Personnalité, fonction : LE MAIRE Bruno.

FRANCE. Ministre de l'économie et des finances

Circonstances : Voeux à la presse, à Paris le 14 janvier 2019

ti :
Monsieur le président de l'AJEF, cher Emmanuel Cugny,
Madame la ministre, chère Agnès Pannier-Runacher,
Chers amis,


Je suis très heureux de vous accueillir dans ce magnifique ministère de l'Economie et des Finances pour vous adresser, dans des circonstances un peu particulières, mes meilleurs voeux pour 2019.

L'année dernière, je n'avais pas fait de voeux à la presse. Certains d'entre vous s'en étaient émus. Cette année, j'en fais donc et ce sont les vertus du débat que d'entendre et d'en tirer toutes les conséquences.

Je voudrais commencer en ayant un mot, à la suite de votre président, pour les journalistes qui ont été agressés dans les manifestations. Il n'y a pas de démocratie sans médias indépendants et sans informations recoupées au plus près du terrain.

Et les journalistes – cela va de soi et il est presque regrettable de devoir le rappeler – doivent pouvoir se rendre sur le terrain, au plus près de l'information, dans des conditions de sécurité totale.

S'attaquer aux journalistes, c'est comme s'attaquer aux parlementaires, aux élus : c'est s'attaquer à la démocratie. Et il ne peut pas y avoir de débat public dans la violence, tout simplement parce que ce que vise la violence, c'est de tuer le débat public.

Je veux donc le redire, au moment où le président de la République vient d'ouvrir un grand débat public, qui est une étape majeure du quinquennat, qui doit nous permettre de reconstruire l'unité nationale en apportant des réponses venues des Français aux questions qu'ils se posent : il est plus que jamais nécessaire que la violence cesse.

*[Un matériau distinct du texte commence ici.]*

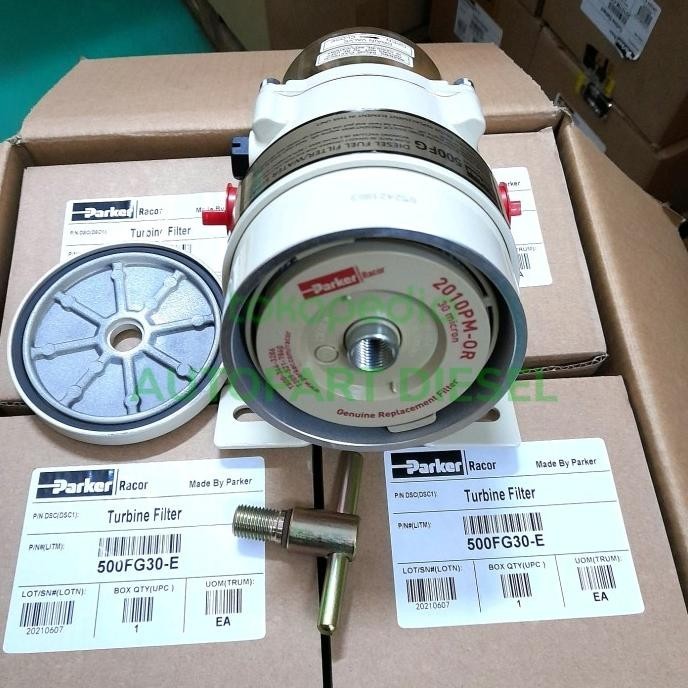 Jual 500FG30 Parker Racor Genuine Fuel Filter WS Assy 1 Set 500FG Ori ...
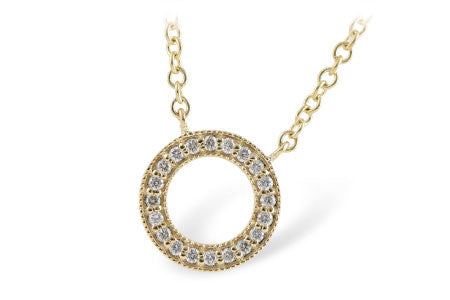 Allison Kaufman Diamond Necklace in 14K Yellow Gold, 0.13 ctw (N7823)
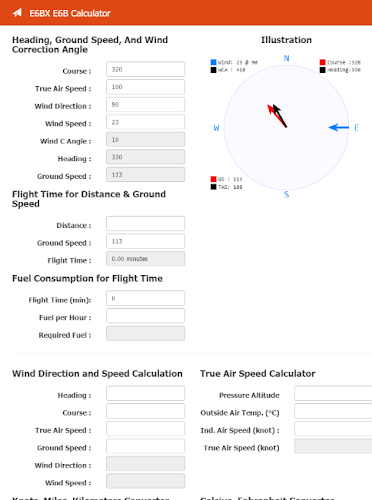 E6BX E6B Calculator Screenshot 2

Le message que j'ai à vous faire passer aujourd'hui est un message très simple : c'est un message de volonté.

Volonté d'abord d'entendre les Français. C'est le sens de la lettre que les Français viennent de découvrir et qui leur était adressée ce matin par le président de la République.

Volonté de réussir au service de tous les Français. Notre réussite – qu'elle soit économique, financière ou autre –sera collective ou ne sera pas. Il n'y aura pas d'un côté les Français qui réussissent et de l'autre les Français qui sont dans la difficulté. Les Français ont dit non, à travers les manifestations des dernières semaines, à cette division entre la France qui réussit et celle qui n'y arriverait pas.

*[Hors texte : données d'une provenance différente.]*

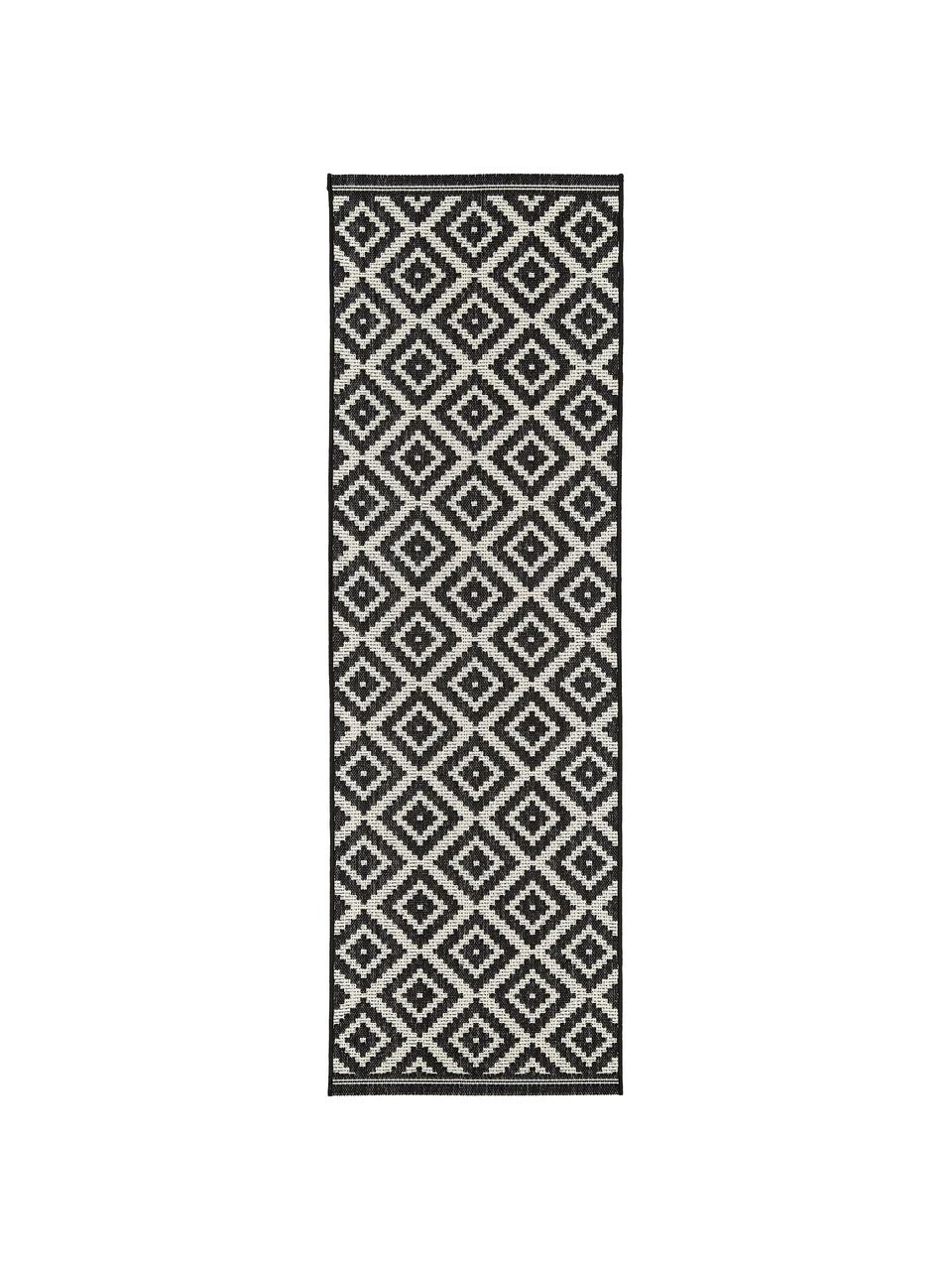 Westwing Collection Gemusterter In- & Outdoor-Läufer Miami in Schwarz/Weiß, B 80 x L 250 cm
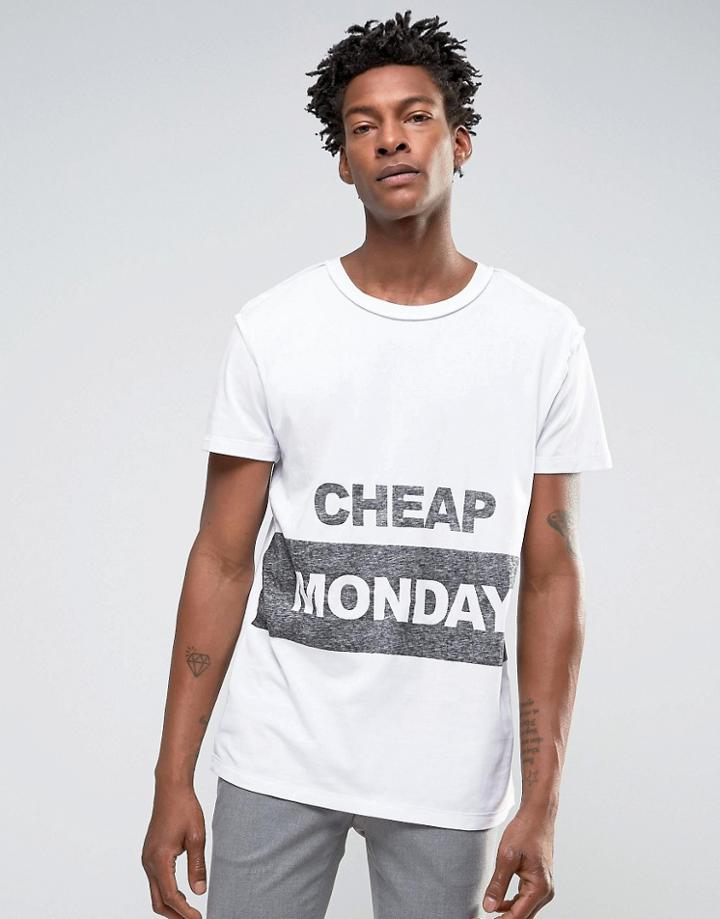 Cheap Monday Standard Block Logo T-shirt - White
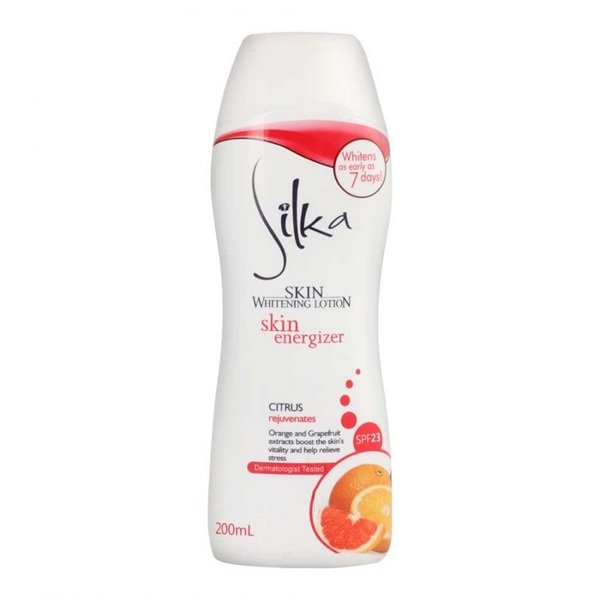 Silka Skin Energizer Citrus Skin Whitening Lotion SPF23, 200ml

Cette réussite demande l'engagement de tous. L'Etat bien sûr, la puissance publique mais aussi les entrepreneurs, les salariés. Et je souhaite que sur le volet économique et fiscal du grand débat, qui est un volet important, chacun se saisisse des questions qui ont été ouvertes. Je souhaite que le plus grand nombre de salariés, de chefs d'entreprise de PME, d'artisans, de commerçants, de professions libérales se saisisse de ce débat pour en faire un moment utile pour notre nation.

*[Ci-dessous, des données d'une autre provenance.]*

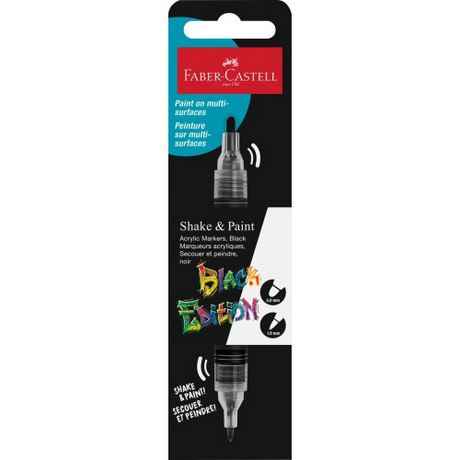 Faber-Castell Black Edition Shake & Paint Marker, single cardboard blister, black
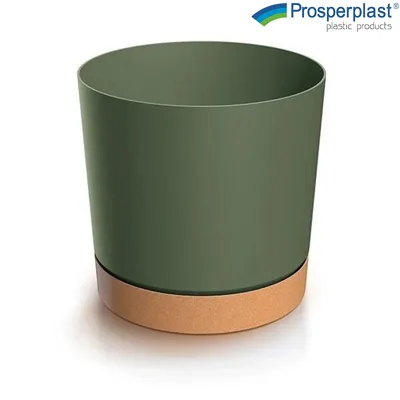 Саксия Prosperplast Tubo PM зелена, 24 см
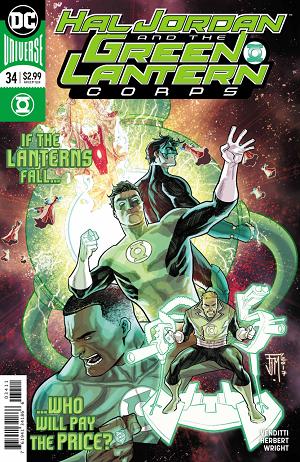 Hal Jordan & The Green Lantern Corps #34 cover
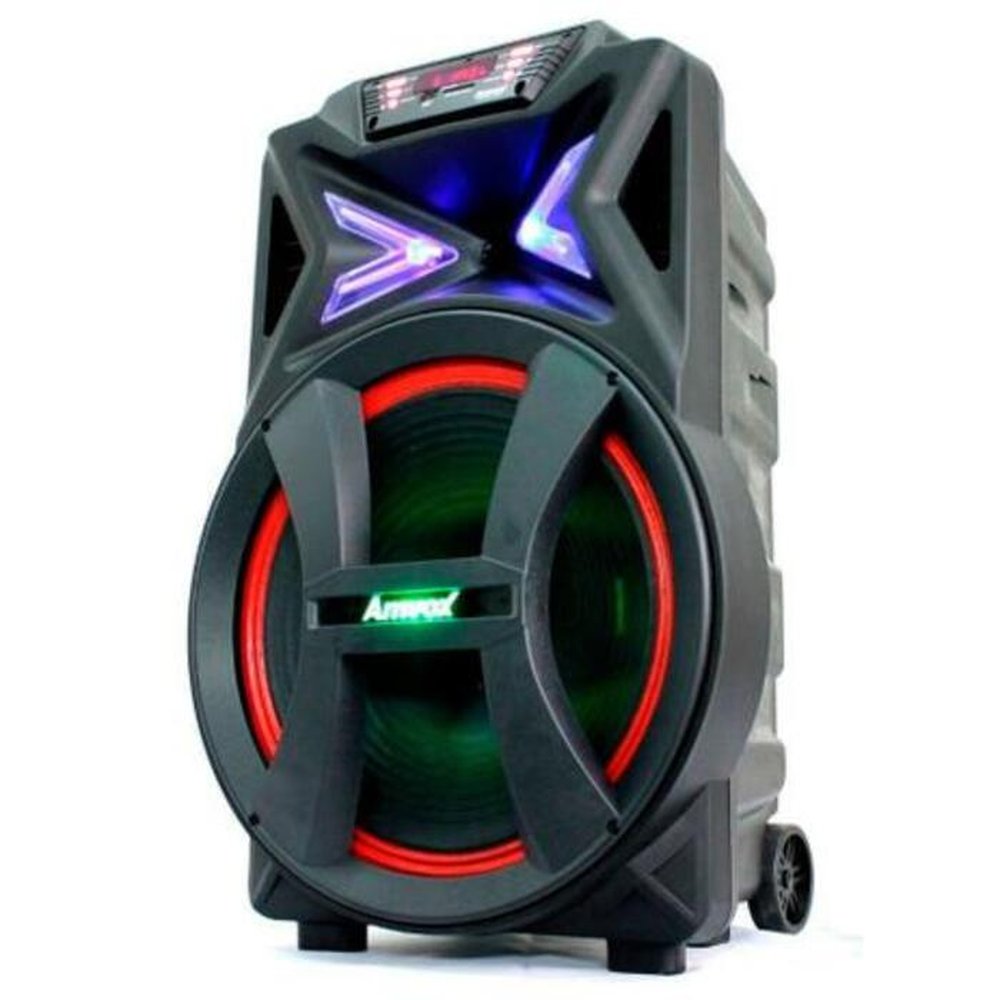 Caixa Amplificada Amvox Led Bluetooth Recarregável USB Auxiliar Bivolt 700W ACA 700 PANCADÃO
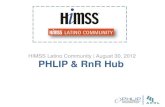 HIMSS Latino Community presentation on PHLIP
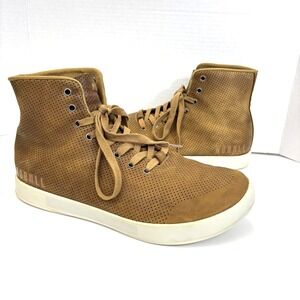 NOBULL Perforated High Top Shoes Mens Size 10 Brown Athletic Casual Sneakers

Quelle que soit la situation à laquelle nous sommes confrontés, je tiens aussi à redire que les défis auxquels la France fait face depuis maintenant des années n'ont pas changé. Le défi de la mondialisation, le défi de la révolution technologique, le défi de la montée en puissance de la Chine d'un côté et des Etats-Unis de l'autre, le défi du risque de division européenne – ces défis sont les mêmes. Et il faut donc maintenir notre stratégie pour nous permettre de les relever et d'y apporter des réponses qui soient les plus solides possible.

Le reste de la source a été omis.